Comparative high-resolution spectroscopy of M dwarfs -- exploring non-LTE effects

TL;DR

This study compares high-resolution spectroscopic analyses of M dwarfs, evaluates the impact of non-LTE effects on elemental abundances, and highlights the importance of detailed line formation physics for accurate stellar parameter determination.

Contribution

It provides a comprehensive comparison of recent M dwarf spectroscopic studies and assesses the significance of non-LTE effects, especially for potassium, in resolving discrepancies.

Findings

Effective temperatures agree within 100 K across studies.

Non-LTE effects are negligible for Fe I but significant for K I.

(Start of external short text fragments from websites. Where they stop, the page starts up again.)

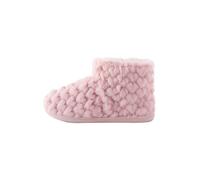 Next Pantoufle rose, Taille 38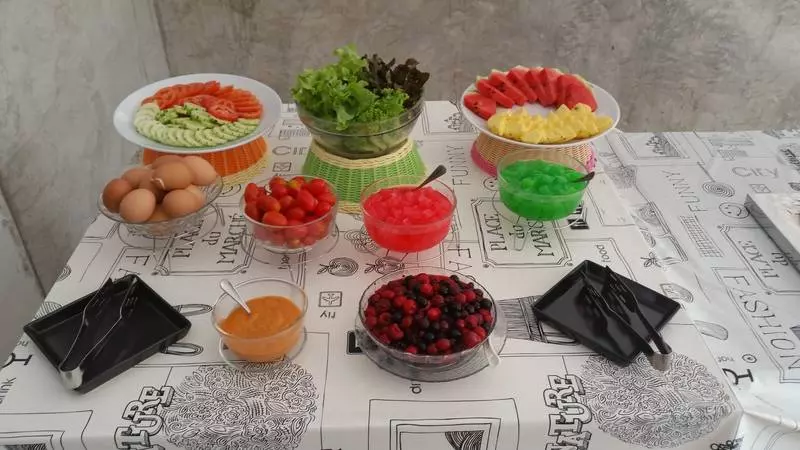 Fotos del hotel Chill Patong:  4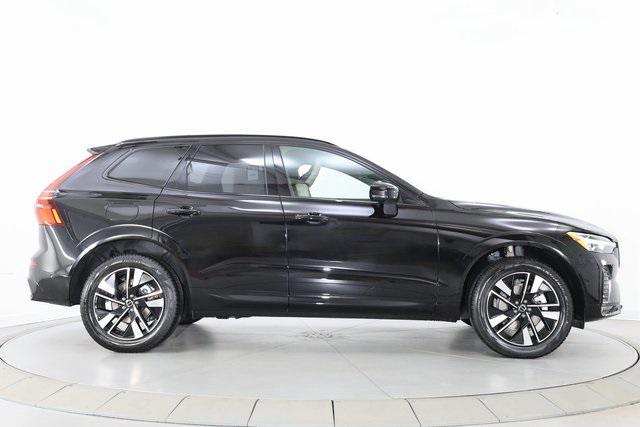 new 2026 Volvo XC60 car, priced at $54,720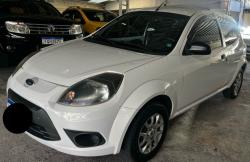 FORD Ka Hatch 1.0 FLEX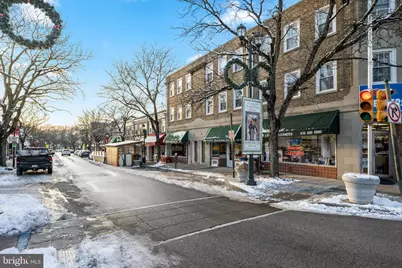 36 N Narberth Avenue #1C, Narberth, PA 19072 - Photo 13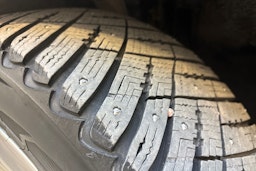 harmaa BMW 535 2014 kuva 10.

Non-LTE corrections can alter metallicity estimates by ~0.2 dex.

Abstract

M dwarfs are key targets for high-resolution spectroscopic analyses due to a high incidence of these stars in the solar neighbourhood and their importance as exoplanetary hosts. Several methodological challenges make such analyses difficult, leading to significant discrepancies in the published results. We compare M dwarf parameters derived by recent high-resolution near-infrared studies with each other and with fundamental stellar parameters. We also assess to what extent deviations from local thermodynamic equilibrium (LTE) for Fe and K influence the outcome of these studies. We carry out line formation calculations based on a modern model atmosphere grid along with a synthetic spectrum synthesis code that treats formation of atomic and molecular lines in cool-star atmospheres including departures from LTE. We use near-infrared spectra collected with the CRIRES instrument at the ESO VLT as reference observational data. We find that the effective temperatures obtained by the different studies mostly agree to better than 100 K. We see a much worse agreement in the surface gravities and metallicities. We demonstrate that non-LTE effects are negligible for Fe I in M-dwarf atmospheres but are important for K I. These effects, leading to K abundance and metallicity corrections on the order of 0.2 dex, may be responsible for some of the discrepancies in the published analyses. Differences in the temperature-pressure structures of the atmospheric models may be another factor contributing to the discrepancies, in particular at low metallicities and high effective temperatures. In high-resolution spectroscopic studies of M dwarfs attention should be given to details of the line formation physics as well as input atomic and molecular data. Collecting high-quality, wide wavelength coverage spectra of benchmark M dwarfs is an essential future step.